İzmir Tabip Odası çarpıcı anketin sonuçlarını paylaştı: İş yeri hekimliği taşeronlaştırıldı

İzmir Tabip Odası, iş yeri hekimlerinin çalışma koşullarına ilişkin Türkiye’nin 52 ilinde gerçekleştirdikleri anket sonuçlarını düzenlediği basın açıklamasıyla paylaştı. Sonuçları açıklayan İzmir Tabip Odası Başkanı Op. Dr. Lütfi Çamlı, 2012 yılında çıkarılan yasa ile iş yeri hekimlerinin çalışma koşullarının ağırlaşırken emeklerinin sömürülmesinin önünün açıldığını ifade etti.

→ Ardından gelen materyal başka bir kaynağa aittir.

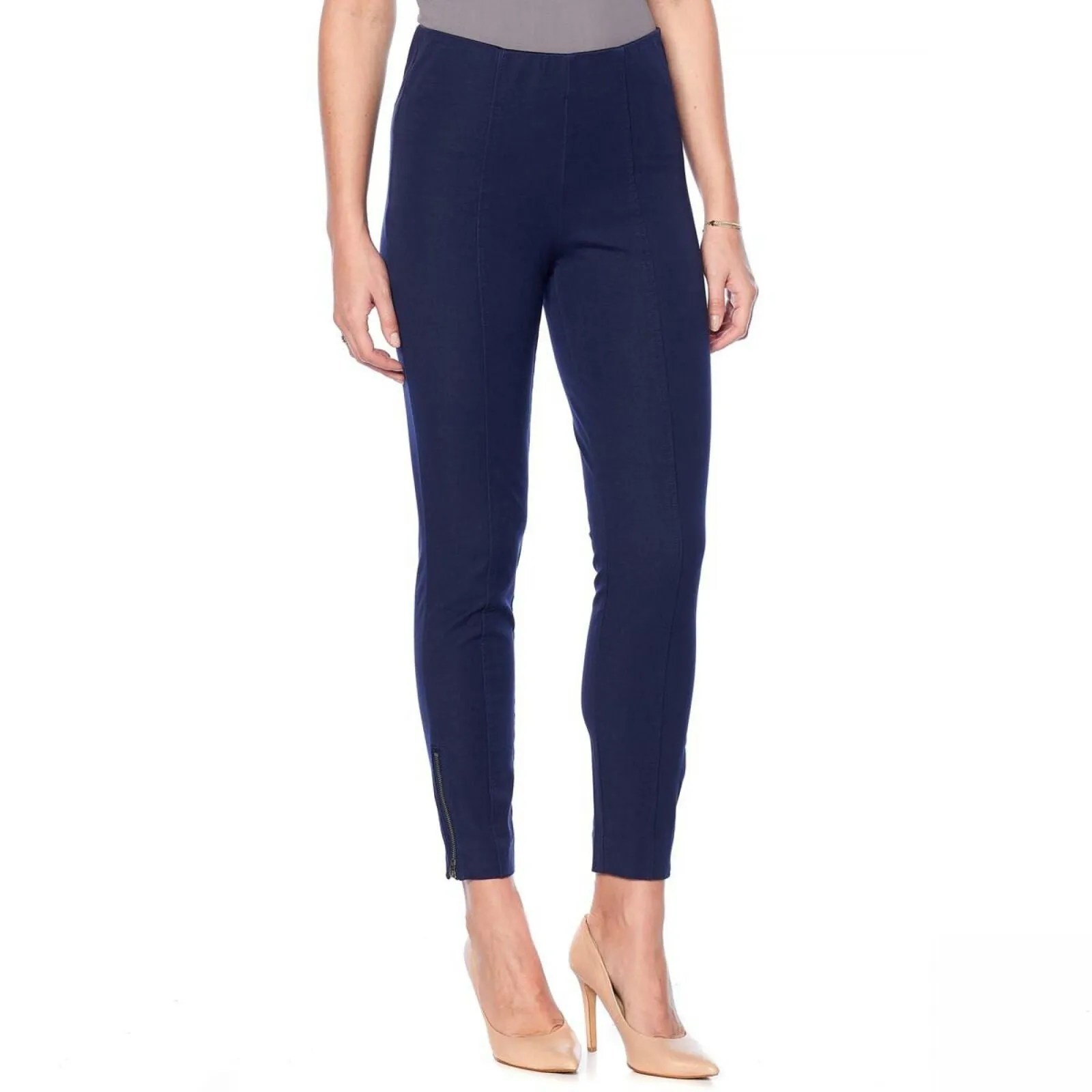 MOTTO Women's Timeless Twill Ankle Pants with Zipper Accents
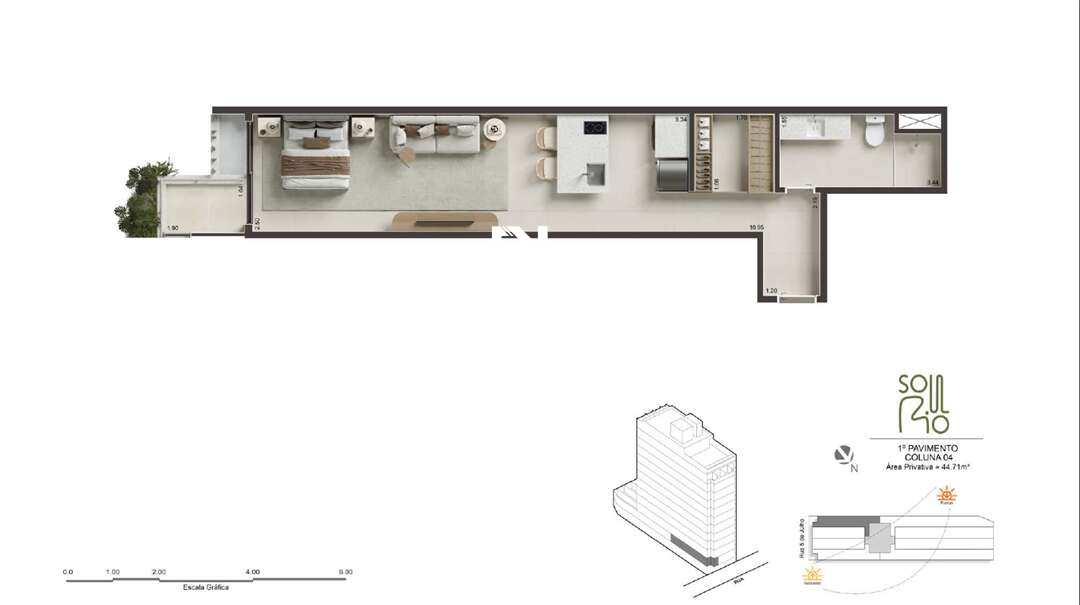 Planta do Studio. - Studio à venda, no Soul Rio 5 de Julho,  em Rio de Janeiro, Copacabana, com 1 quarto, 44,71m²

İzmir Tabip Odası çarpıcı anketin sonuçlarını paylaştı: İş yeri hekimliği taşeronlaştırıldı

Pandemi sürecinde en çok yıpranan grupların başında gelen doktorlar son dönemde de çalışma yönetmeliklerinde yapılan düzenleme ve kısıtlamalar nedeniyle zor zamanlar geçirmeye başladılar.

Aile Sağlık Merkezi doktorlarının açıklama yapmalarının yasaklanması, artan hasta yükünün tölere edilmesi için muayene sürelerinin 10 dakikadan 5 dakikaya düşürülmesi gibi sorunlar nedeniyle hem iş yükleri artan hem de baskıya maruz kalan doktorların çalışma koşulları her geçen gün zorlaşırken son olarak iş yeri hekimlerinin yaşadıkları sıkıntılar gündeme geldi.

Öte yandan İzmir Tabip Odası, bugün konuya ilişkin bir basın açıklaması gerçekleştirdi. Açıklamaya, İzmir Tabip Odası Başkanı Op. Dr. Lütfi Çamlı’nın yanı sıra Oda sekreteri Nuri Seha Yüksel ve Prof. Dr. Süleyman Kaynak katıldı. Açıklamada, Başkan Çamlı, iş yeri hekimlerinin çalışma koşullarına ilişkin yapılan anket çalışmasının sonuçlarını paylaştı.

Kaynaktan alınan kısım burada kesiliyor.